Let’s see that again

I just can’t get enough of it! This moment feels transcendent somehow and certainly mesmerizing. I don’t know about you, dearest Filthy Dreams readers, but I’m transported. Apparently, Cody is too because as he witnesses this, light shines on his face.

Touched by an angel

Ok, I think we need to take a moment to appreciate Daniel DiCriscio–role model. Known as “The Messiah of Makeover,” Daniel has worked with such stars as Paula Jones, Pamela Anderson and Anna Nicole Smith. He also appeared on Cristina’s Court against Bobby Trendy (remember him?) and yes, it’s on YouTube. He also has a music career. One video features some of the Real Housewives of Orange County awkwardly shimmying in the background and yes, that is also on YouTube.

Same

The most LA screenshot ever

I want to drink green smoothies and smoke by the pool with Cody and Daniel too!

Blue chlorine-filled pools = blue skies

Overcome

David Hockney, eat your heart out.

Does anyone smell White DiamondsOh shit she’s back!

And here we are at the hypermasculine gym where everyone has a perfect muscle-bound torso. Man, this entire scene is hellish to me–hence the red lighting. I’ll stick with Daniel drinking smoothies by the pool thanks.

Look at Cody with these clones

Gratuitous torso shots

This dude is the worst

Thankfully Emotionally Unavailable James Dean comes to the rescue

Huh???!!!! How much does weed cost in LA?!

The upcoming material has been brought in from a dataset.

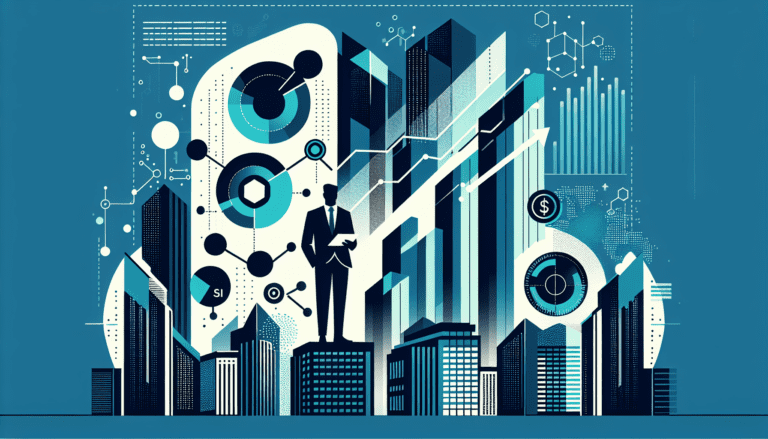 Come Utilizzare l’IA per il SEO Locale: La Guida per le Piccole Imprese (2026)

Another quintessential empty LA moment

Ariel Pink’s Liz says stop eating like that. Gross.

And now we enter this club scene, which, even more than the gym, feels like a descent into hell with jagged camera movements and dizzying glimpses of random scenes

Same.

Then, Cody finds a glory hole. And what is on the other side?

Drag Liz Taylor! She appears to be in a snow flurry-filled abyss of some kind. Is this heaven? Or just the void? Whatever it is–I’m in.

Look at that face…and those DIAMONDS!

*claps wildly*

And then, suddenly, the scene shifts and Cody is Liza. I scream every time it happens.

Even her nail polish is blue

For all my theorizing, the fact remains that Cody makes a magnificent Liza drag queen so if the music thing stops working out, I know an easy alternate career for him. Do “Losing My Mind”!

Toxic Masculinity Man is not happy with this descent into drag

And then Ariel and Cody duet at Liz and Liza. It’s a match made in those blue skies

Two divas having a ball

Where am I?

Of course, Toxic Masculinity man can’t stand this femme fun and has to ruin everything with a grand show of patriarchal force. Live a little, dude! Get over it.

No!

And then we’re back to the blue screen of death–perhaps the final surrender to the blue. I don’t know about you, Filthy Dreams readers, but I’m in the mood for a green juice and a drag show.